GOAL OF THE EXERCISE :: Please filter the entries and return only the lines that include "Street".

DATA RECORDS ::

● ● ●

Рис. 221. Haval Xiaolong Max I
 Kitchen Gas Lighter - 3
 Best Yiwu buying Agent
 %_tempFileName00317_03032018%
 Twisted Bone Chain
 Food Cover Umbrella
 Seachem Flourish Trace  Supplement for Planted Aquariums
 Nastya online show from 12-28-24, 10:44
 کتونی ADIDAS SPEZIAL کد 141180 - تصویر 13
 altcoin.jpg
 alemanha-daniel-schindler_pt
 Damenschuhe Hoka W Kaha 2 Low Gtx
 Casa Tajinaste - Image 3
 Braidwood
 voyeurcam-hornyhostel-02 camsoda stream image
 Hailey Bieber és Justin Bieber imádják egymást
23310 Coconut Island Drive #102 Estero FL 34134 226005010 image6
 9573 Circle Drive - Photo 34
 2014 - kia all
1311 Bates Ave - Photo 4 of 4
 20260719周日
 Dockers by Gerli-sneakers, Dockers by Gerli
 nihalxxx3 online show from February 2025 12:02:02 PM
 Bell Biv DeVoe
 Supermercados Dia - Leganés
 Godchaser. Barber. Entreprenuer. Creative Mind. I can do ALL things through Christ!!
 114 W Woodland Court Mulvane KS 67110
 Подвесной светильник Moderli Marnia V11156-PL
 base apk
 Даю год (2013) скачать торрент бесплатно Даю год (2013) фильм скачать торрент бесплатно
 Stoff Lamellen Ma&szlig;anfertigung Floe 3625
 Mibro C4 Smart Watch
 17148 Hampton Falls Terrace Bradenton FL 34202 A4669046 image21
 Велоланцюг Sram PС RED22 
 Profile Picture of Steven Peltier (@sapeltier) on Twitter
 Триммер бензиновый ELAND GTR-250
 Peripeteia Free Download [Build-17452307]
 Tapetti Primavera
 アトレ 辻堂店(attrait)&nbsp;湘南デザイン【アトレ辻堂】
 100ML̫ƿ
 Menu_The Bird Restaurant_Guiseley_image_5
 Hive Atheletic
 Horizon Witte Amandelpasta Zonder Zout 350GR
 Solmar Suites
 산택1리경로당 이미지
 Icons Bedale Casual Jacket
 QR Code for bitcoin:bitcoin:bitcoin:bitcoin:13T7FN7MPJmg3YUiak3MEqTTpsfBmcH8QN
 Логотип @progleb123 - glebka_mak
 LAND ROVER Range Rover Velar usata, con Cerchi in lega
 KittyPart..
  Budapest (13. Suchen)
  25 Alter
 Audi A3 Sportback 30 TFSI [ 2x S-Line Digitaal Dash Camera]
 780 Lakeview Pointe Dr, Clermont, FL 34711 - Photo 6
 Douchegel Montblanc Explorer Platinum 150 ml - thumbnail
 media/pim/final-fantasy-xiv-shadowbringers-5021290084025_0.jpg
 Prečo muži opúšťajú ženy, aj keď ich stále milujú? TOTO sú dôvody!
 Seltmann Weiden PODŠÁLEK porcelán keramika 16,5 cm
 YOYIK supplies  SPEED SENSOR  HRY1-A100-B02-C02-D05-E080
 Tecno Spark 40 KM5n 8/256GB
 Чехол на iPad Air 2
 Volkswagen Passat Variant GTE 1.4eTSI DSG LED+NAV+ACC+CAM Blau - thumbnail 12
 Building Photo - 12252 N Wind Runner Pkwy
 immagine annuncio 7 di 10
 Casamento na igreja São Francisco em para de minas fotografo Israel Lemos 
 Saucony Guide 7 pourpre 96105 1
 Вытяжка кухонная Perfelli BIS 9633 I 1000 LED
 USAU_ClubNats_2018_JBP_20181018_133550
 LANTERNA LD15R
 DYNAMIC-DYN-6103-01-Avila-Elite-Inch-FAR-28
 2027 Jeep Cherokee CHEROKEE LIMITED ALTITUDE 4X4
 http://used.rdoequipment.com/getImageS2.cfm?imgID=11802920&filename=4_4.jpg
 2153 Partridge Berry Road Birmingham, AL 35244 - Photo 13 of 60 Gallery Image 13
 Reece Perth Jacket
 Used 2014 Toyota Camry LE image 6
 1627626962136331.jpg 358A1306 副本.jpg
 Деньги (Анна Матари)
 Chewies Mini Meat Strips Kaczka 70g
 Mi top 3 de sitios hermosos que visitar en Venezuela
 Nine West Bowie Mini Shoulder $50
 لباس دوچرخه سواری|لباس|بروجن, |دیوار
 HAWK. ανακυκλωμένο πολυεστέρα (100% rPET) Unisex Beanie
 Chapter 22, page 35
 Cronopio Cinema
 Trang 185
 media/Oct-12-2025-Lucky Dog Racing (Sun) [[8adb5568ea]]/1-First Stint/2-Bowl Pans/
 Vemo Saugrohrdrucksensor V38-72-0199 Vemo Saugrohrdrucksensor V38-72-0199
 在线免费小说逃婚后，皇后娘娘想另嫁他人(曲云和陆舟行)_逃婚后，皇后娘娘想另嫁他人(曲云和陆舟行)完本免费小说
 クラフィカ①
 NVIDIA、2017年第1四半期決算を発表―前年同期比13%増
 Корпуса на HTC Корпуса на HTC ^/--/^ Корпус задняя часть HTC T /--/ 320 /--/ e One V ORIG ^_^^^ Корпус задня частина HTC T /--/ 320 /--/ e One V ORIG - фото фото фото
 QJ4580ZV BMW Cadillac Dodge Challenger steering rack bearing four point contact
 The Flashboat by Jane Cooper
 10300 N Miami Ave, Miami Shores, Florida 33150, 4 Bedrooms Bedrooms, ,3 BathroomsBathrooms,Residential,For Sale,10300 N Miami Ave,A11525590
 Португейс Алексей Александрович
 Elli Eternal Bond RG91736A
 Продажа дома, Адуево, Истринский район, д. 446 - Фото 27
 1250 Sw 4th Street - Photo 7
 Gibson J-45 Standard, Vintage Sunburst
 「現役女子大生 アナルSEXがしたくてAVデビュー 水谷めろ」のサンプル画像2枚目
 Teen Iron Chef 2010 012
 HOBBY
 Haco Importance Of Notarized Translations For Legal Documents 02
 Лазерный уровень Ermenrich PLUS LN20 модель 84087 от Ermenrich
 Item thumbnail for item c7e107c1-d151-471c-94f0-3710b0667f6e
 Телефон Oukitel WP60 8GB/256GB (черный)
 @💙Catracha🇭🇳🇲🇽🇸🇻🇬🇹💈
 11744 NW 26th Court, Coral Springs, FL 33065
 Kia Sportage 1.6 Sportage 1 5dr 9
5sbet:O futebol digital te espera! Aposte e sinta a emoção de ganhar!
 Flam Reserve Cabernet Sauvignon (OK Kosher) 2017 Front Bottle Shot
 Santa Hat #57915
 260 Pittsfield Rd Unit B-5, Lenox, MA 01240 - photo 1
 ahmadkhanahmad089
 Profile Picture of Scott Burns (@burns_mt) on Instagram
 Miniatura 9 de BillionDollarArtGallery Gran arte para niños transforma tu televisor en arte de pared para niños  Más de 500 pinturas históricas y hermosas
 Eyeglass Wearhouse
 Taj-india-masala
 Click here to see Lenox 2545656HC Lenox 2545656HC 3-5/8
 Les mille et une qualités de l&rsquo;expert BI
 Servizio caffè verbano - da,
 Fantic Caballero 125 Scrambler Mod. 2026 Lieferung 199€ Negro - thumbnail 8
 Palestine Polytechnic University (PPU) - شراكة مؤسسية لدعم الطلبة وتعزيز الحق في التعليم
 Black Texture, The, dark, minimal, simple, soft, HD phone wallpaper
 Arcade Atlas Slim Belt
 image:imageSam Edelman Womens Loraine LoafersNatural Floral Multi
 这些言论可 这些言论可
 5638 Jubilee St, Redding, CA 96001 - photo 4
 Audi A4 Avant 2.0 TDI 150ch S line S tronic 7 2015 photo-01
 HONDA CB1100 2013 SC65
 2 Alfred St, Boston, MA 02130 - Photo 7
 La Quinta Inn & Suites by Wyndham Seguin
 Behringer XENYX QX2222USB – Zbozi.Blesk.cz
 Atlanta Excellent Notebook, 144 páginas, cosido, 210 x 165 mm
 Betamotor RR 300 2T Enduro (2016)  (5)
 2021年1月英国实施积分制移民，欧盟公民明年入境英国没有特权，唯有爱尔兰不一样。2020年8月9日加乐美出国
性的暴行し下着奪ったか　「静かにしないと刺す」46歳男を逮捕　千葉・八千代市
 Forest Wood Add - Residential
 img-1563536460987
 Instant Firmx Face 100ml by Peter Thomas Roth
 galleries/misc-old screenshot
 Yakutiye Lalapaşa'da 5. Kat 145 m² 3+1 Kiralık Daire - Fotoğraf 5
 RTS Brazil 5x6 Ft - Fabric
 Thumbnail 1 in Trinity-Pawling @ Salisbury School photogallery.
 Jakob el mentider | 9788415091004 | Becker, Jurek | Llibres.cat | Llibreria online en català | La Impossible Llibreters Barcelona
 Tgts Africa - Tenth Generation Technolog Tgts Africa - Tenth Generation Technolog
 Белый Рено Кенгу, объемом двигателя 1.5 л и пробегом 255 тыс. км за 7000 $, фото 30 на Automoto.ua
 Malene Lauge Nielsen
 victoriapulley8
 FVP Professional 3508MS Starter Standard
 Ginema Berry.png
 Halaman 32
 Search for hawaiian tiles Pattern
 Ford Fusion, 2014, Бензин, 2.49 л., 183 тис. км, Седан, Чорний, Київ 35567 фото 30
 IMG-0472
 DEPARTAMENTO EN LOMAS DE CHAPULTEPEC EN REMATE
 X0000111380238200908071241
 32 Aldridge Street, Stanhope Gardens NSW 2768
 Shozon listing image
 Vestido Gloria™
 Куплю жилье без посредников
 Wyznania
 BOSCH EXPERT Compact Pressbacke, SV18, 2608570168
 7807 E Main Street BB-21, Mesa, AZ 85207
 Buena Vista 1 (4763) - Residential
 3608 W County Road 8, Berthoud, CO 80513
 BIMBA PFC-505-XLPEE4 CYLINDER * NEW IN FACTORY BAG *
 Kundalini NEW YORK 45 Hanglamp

● ● ●

EXERCISE RESPONSE ::
 1250 Sw 4th Street - Photo 7
 32 Aldridge Street, Stanhope Gardens NSW 2768
 7807 E Main Street BB-21, Mesa, AZ 85207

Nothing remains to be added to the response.